Because of the high antioxidants and the ability to reduce muscle damage on a molecular level, blueberries have also been shown to decrease muscle soreness following strenuous exercise.

Dark Leafy Greens

Besides being high in vitamins and minerals your body requires, dark leafy greens such as kale and spinach also contain high levels of antioxidants.  As mentioned previously, these antioxidants can protect from cell breakdown in the body, which will decrease inflammation from the natural tissue “damage” due to exercise and training.


Walnuts have higher antioxidant levels than another other commonly consumed nut.

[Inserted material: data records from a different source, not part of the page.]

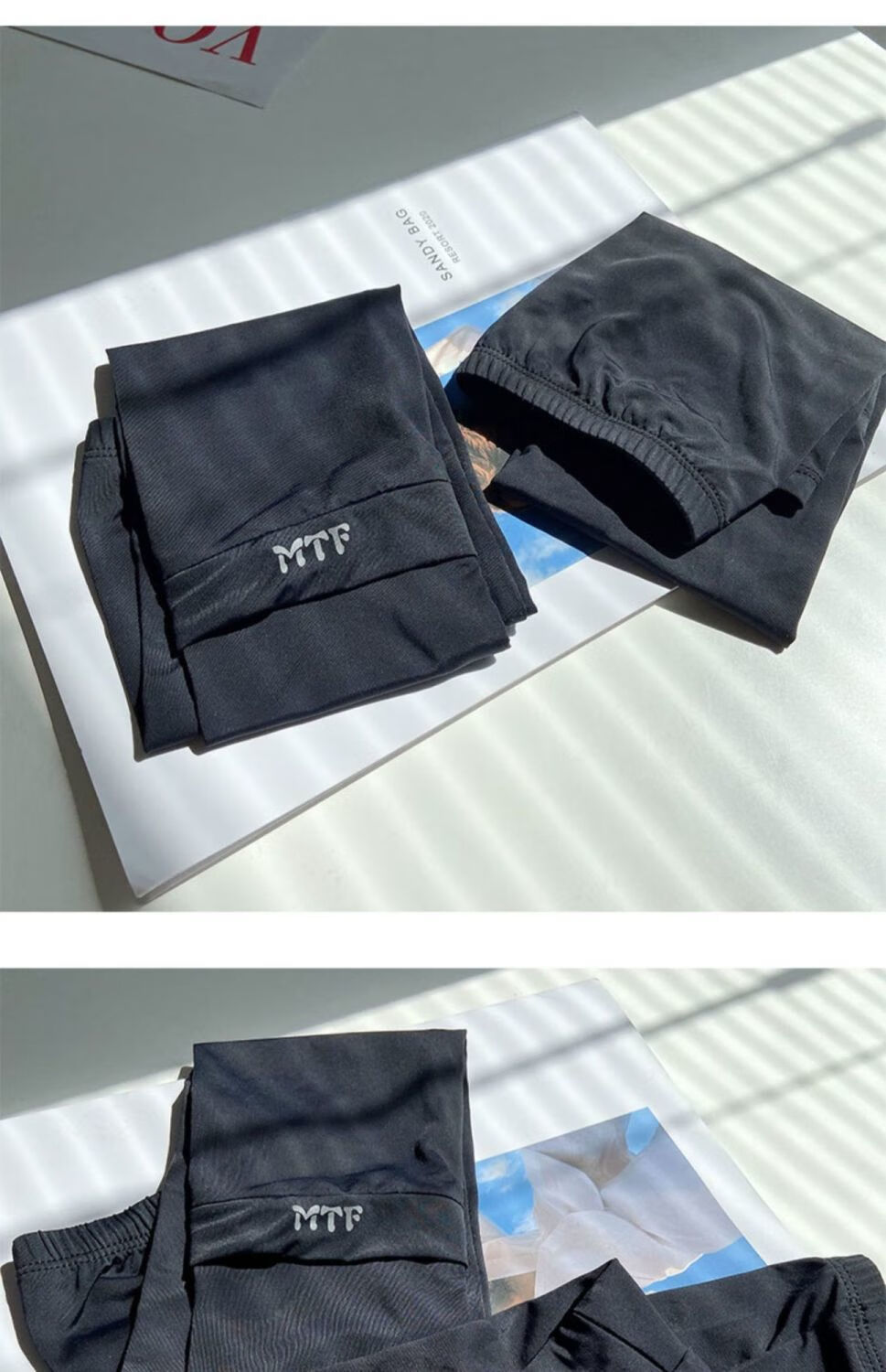 莎芡黑色冰袖夏季防手臂套袖套手套夏开车冰丝士网红she黑色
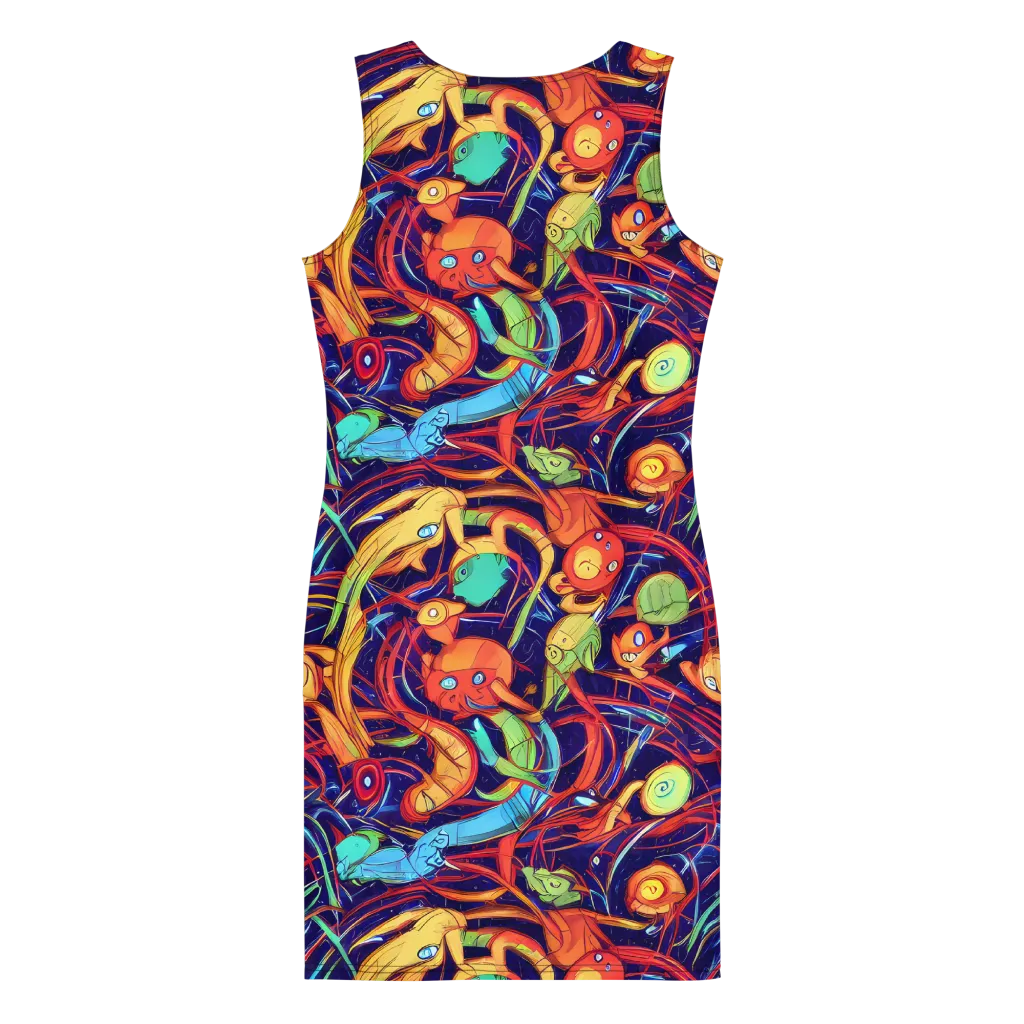 Neon Reef Rapture on Bodycon Dress — Back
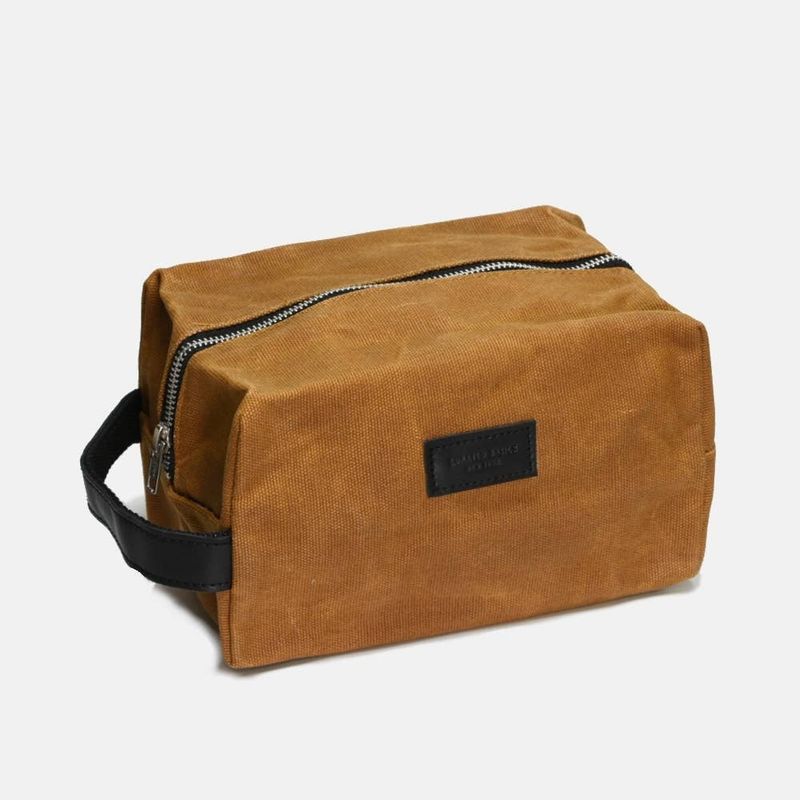 Curated Basics Waxed Cotton Dopp Kit Tan Brown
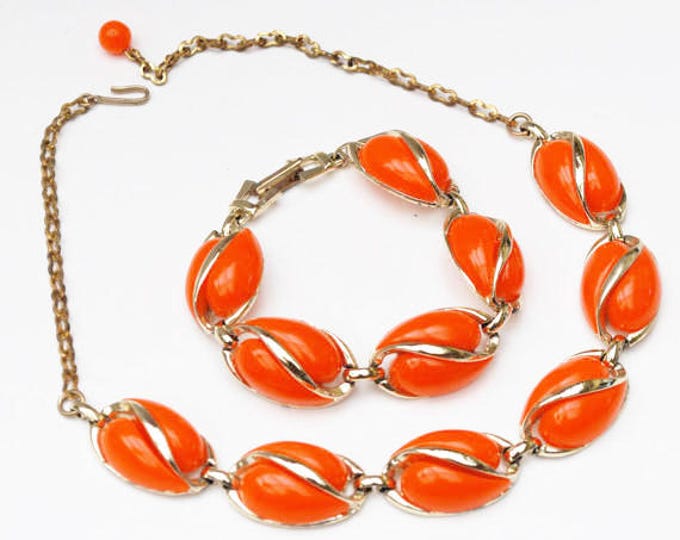 Neon Orange Thermoset Necklace Bracelet set - light gold metal - Mid Century -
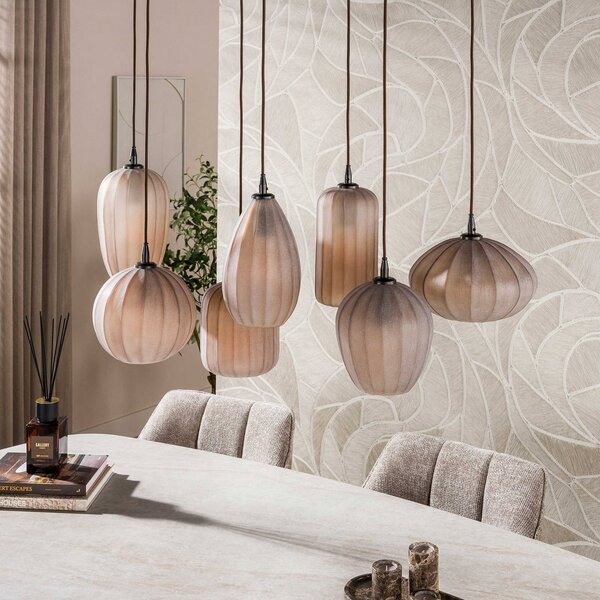 ZIJLSTRA Lampa wisząca szklana Altura, możliwość ściemniania, kremowy / amber, salon / jadalnia, szkło, skandynawski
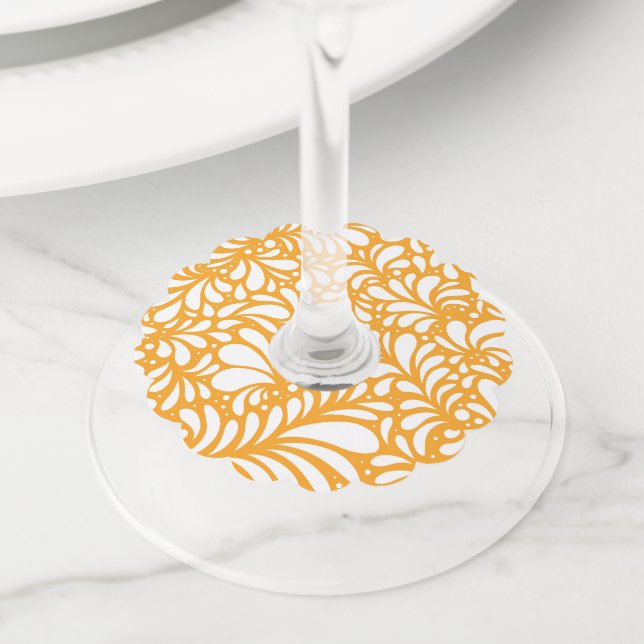 Etiqueta Para Copas De Vino Flor Mandala 4 (Detalle)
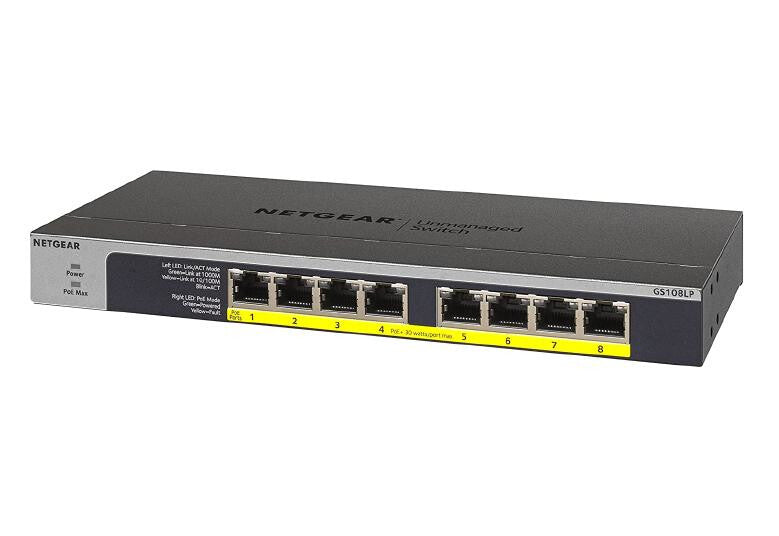 NETGEAR 8-PORT GIGABIT ETHERNET POE+ UNMANAGED SWITCH WITH 60W POE BUDGET (GS108 Gigabit Ethernet (10/100/1000) Power over Ethernet (PoE) 1U Black, Grey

Along with the antioxidants, walnuts also contain polyphenols to help fight oxidative stress and inflammation.  A subgroup of polyphenols called ellagitannins are thought to be highly involved.

It is thought that the Omega-3 fatty acids, magnesium, and the amino acid arginine that are in walntus may also be  contributors to decrease inflammation.

Coconut oil

Coconut oil has both anti-inflammatory properties as well as detoxifying properties, both of which can help to decrease inflammation and reduce pain.  The great thing with coconut oil, is it works as an anti-inflammatory and detoxifier when used both externally and internally.

The compound in coconut oil that reduces inflammation is lauric acid.  Similar to turmeric, some studies have shown the pain relief with coconut oil due to the decrease in inflammation has been comparable or better than some pain relievers.

When used externally as a topical, coconut oil does a couple things.  First off, it increases blood flow to the area and assists to reduce localized pain and swelling.  Secondly, it helps to pull toxins out of the body, as the toxins are attracted to the fat molecules.

When consumed, the coconut oil gets into your system to potentially assist in reducing inflammation inside the body.